>-----Original Message-----
>From: Jeff Chan [mailto:jeffc@surbl.org]
>Sent: Saturday, August 14, 2004 2:24 AM
>To: SURBL Discussion list
>Subject: Re: [SURBL-Discuss] RE: (1) Another Possible FP, and
>(2) header
>p arsing issues
>
>
>On Friday, August 13, 2004, 10:33:22 PM, Bill Landry wrote:
>> From: Rik van Riel
>
>>> Once I have a working script to extract URLs from a spamtrap
>>> feed, I'll make it available as free software. Possibly even
>>> bundled with Spamikaze ;)
>
>> Here is a script I run against my spamtrap mailboxes to
>output a list of
>> domain names:
>
>> egrep -i "http|www" main.mbx | cut -d ":" -f2 | cut -b 3- |
>cut -d "/" -f1 |
>> sed "s/=2E/\./g" | grep "\..*\." | egrep -v "

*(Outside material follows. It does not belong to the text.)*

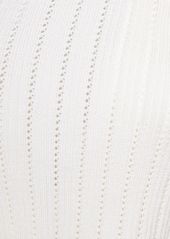Balmain Asymmetric Ribbed Knit Crop Top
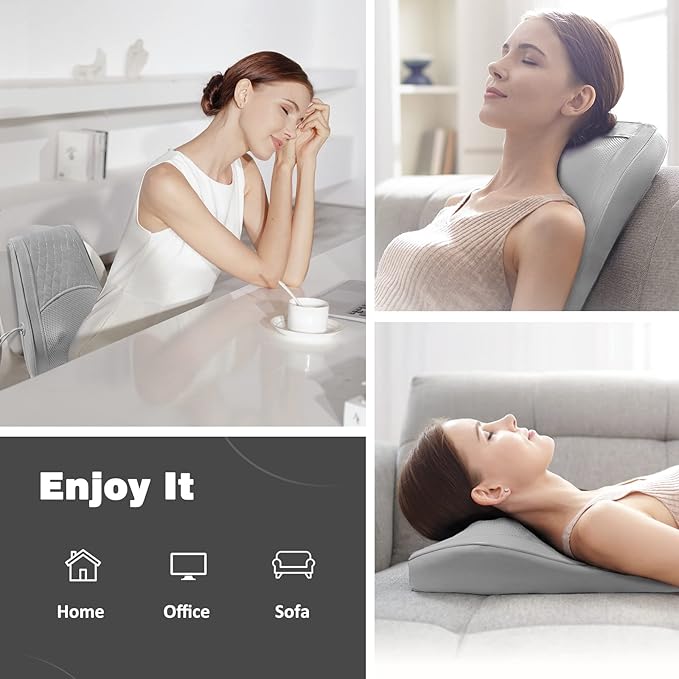 Boriwat Neck and Shoulder Massager with Heat Shiatsu Massage Pillow with 3D Deep Tissue Kneading for Back Legs Foot Body Pain Reliefat Home Office Car for Mom &amp Dad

>|>|=|@|\..*\..*\." | cut -d
>> "." -f2-3 | tr -d "<" | usort | uniq
>
>> Depending on your mailbox format, it may work for you as well.
>
>Which will work on some plaintext URIs, but SpamAssassin and
>others have code to "render" messages from MIME, multipart
>messages, etc. that are not plaintext, in addition to a bunch of
>other deobfuscation code. Since spammers sometimes try to make
>their messages harder for programs to read, the programs tend to
>become more complex and capable.
>
>Jeff C.
While I'm all for automation, but please be extremely careful. Take it from
someone who knows, harvesting domains from scripts will lead to headaches.
Like Jeff said, there is other encoding to deal with. URL poison. links that
don't have http or www in them. ("Paste this into your browser......", btw
SARE is working on that now.)
I'm thinking the best way would be to take the actual SURBL code, and use it
to rip out domains. But the SA code to unencode the email would be needed as
well. Putting this in the email pipe would be best.
If spam
if not found in SURBL
run SURBL extract + append to file
:)
--Chris